Вот основные вехи творческого пути, обозначенные отцом Александром в записях о тарасовском периоде его служения:
«1964
В Тарасовке было много служб и не было помещения, но народа московского сильно поприбавилось. Беседовал и общался по дороге и в Москве. Потом и дома.
Целью общения считал необходимость создания „среды“, в которой верующие чувствовали бы себя свободно. Действовал методом естественного отбора. Когда нужные отобрались, прекратил встречи дома (около 1967 года).

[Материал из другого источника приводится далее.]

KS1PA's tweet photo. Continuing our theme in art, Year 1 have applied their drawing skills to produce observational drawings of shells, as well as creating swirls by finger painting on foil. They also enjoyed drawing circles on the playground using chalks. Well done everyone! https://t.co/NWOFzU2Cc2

Московская духовная академия (1964–68 годы).
1965
Пишу греческие главы для „Магизма и Единобожия“. Разделяю „Истоки религии“ по совету Желудкова (его самого впервые прочел в 1959 году). С этого времени (61–64) переписка с Желудковым и компанией. Еще одна редакция „Сына Человеческого“.
1966
Пишу „Дионис, Логос, судьба“. Ницше, Вересаев, античная литература. Последние статьи в „Журнале Московской Патриархии“. Учу греческий.
1968
Выход „Сына Человеческого“. Общая редакция 4-х первых томов. Булгаков. Бердяев. Соловьев. Много Бергсона. Старец Силуан (читал еще раньше, в 1958 году.) Материалы по Оптиной Пустыни. Беседы о ней с Павлович. Учу иврит. Начал „Пророков“.